A Strong Partnership between FM Global and the FPE Department

In addition to this gift, FM Global is also sponsoring individual research projects with Profs. André Marshall and Arnaud Trouvé. For instance, FM Global is sponsoring André Marshall’s joint experimental and computational project entitled “Atomization Modeling for Fire Suppression Injectors” (points of contact at FM Global: Drs. Bert Yu and Bob Bill). The project is focused on developing physics-based sub-models to facilitate the characterization and analysis of fire suppression injectors. Experimentally-derived near-field sprinkler characteristics are used to develop and evaluate models having varying degrees of fidelity. These models are based on scaling laws, wave dispersion physics, and first principles (using high-fidelity Computational Fluid Dynamics – CFD). A range of sprinkler geometries is explored in the research program. However, geometric complexity is introduced gradually and systematically. Experimental and modeling activities focused on canonical injector geometries provide insight into the essential physics governing sprinkler spray formation and the conceptual foundation for the various modeling approaches, while evaluation of more realistic injector geometries reveals specific atomization details required for improving the fidelity and accuracy of the models.
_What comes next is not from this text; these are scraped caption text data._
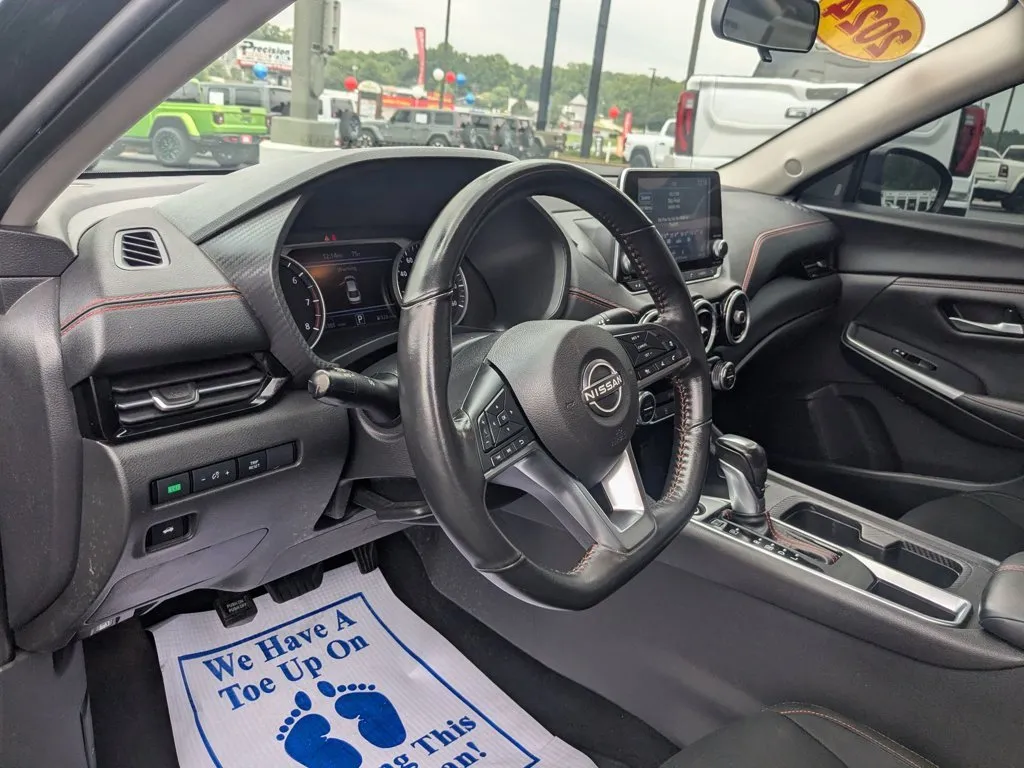 2024 Nissan Sentra SR thumbnail 13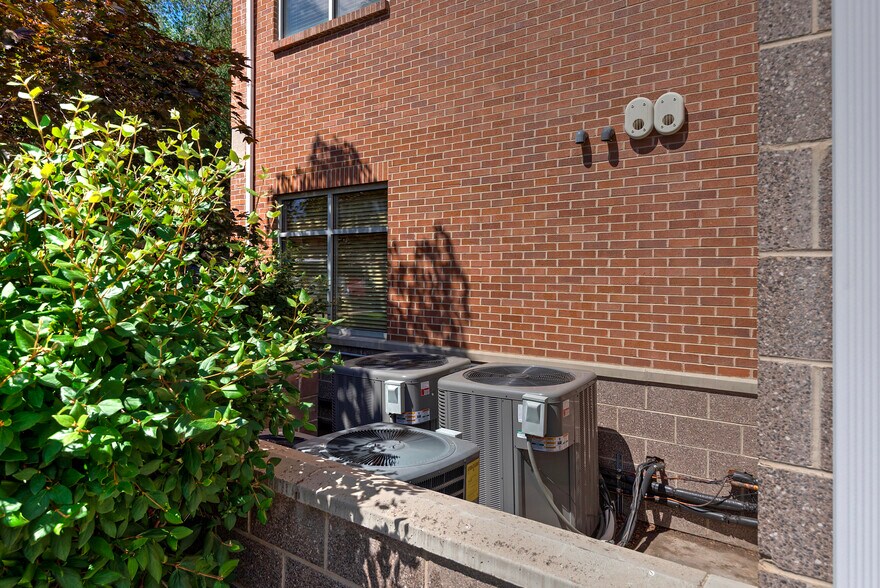 More Photos Of 7370-7430 Creek Rd, Midvale Office For Sale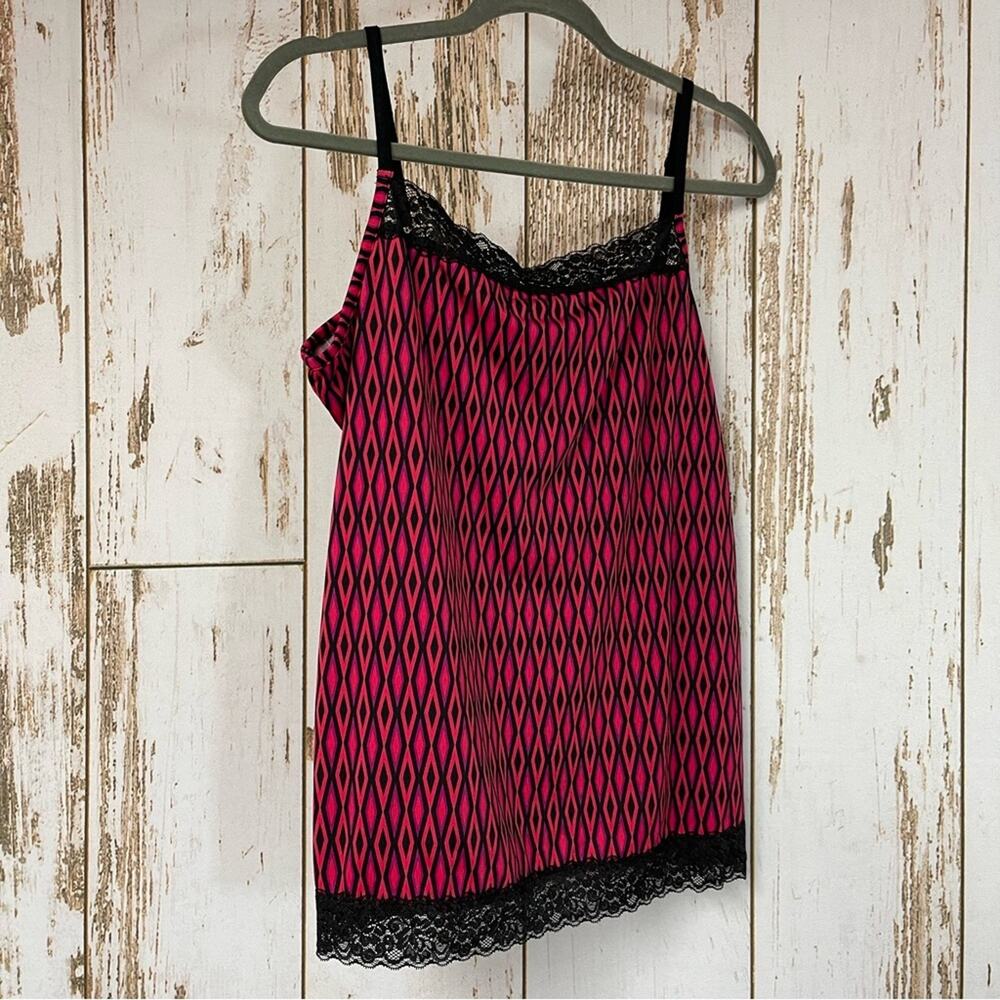 Fashion Bug, Cool Print Lace Line Camisole. Size Large. Excellent condition!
FM Global is also sponsoring Arnaud Trouvé’s computational research project entitled “CFD Modeling of Vertical Turbulent Wall Fires” (points of contact at FM Global: Drs. Prateep Chatterjee, John de Ris, Sergey Dorofeev and Bob Bill). The project is aimed at enhancing CFD-based fire modeling capabilities towards a treatment of wall fires. Wall fires represent a particularly challenging problem for CFD-based fire models since these configurations feature complex wall-bounded turbulent flow phenomena, fuel pyrolysis and combustion, mixed convective and radiative heat transfer, soot blockage, and characteristic length scales that are small and remain unresolved by the computational grid. The project uses the Fire Dynamics Simulator developed by the Building and Fire Research Laboratory of the National Institute of Standards and Technology. The current phase of the research program is focused on predicting the convective/radiative wall heat flux distribution in simplified vertical wall configurations with a prescribed fuel mass loss rate. The modeling strategy follows previous theoretical developments made by de Ris et al. and considers different levels of computational grid resolution, from fine-grained to coarse-grained. The validation component of the project relies on detailed comparisons with an experimental database previously developed at FM Global.